Senator for Maritimes Divisional, Maritimes (Division)
- In office 1990–1993
- Appointed by: Brian Mulroney

Personal details
- Born: September 6, 1938 (age 87) Hopetown, Quebec
- Party: Progressive Conservative

= James W. Ross =

Canadian politician (born 1938)

James W. Ross, CM (born September 6, 1938) is a Canadian businessman and former Canadian senator.

Ross was one of eight senators appointed directly by the Queen on the advice of Prime Minister Brian Mulroney under Section 26 of the Constitution Act, 1867 to pass the Goods and Services Tax. The measure faced defeat in the Liberal-dominated Senate. So, Mulroney utilized a previously unused constitutional provision that would allow him to temporarily expand the size of the upper house by a total of eight senators (two per region) in order to ensure he had enough votes to enact the GST into law.

A businessman by trade, Ross resigned from the Senate in May 1993, after only 972 days, to return to public life. At the age of 55, he was entitled to remain in the Senate for a further 20 years before being forced to retire.
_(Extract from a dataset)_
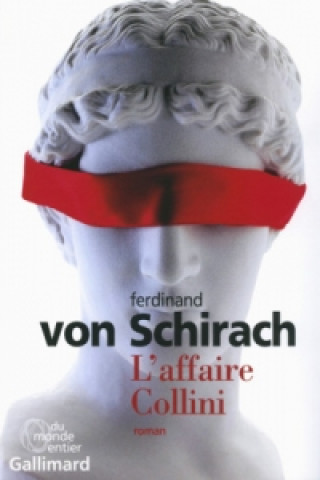 Kniha L'affaire Collini Ferdinand von Schirach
Ross remains active in Fredericton, New Brunswick, as a philanthropist and businessman. In 1994, he founded Partners For Youth Inc., a non-profit organization built on a community partnership model that uses adventure-based counseling to help young people.

While most senators sit as representatives of a province or territory, Ross and the seven other senators appointed under Section 26 represented regions. Hence, Ross and Michael Forrestall sat as senators representing the Maritimes rather than a particular province.

In 1999, he was made a Member of the Order of Canada.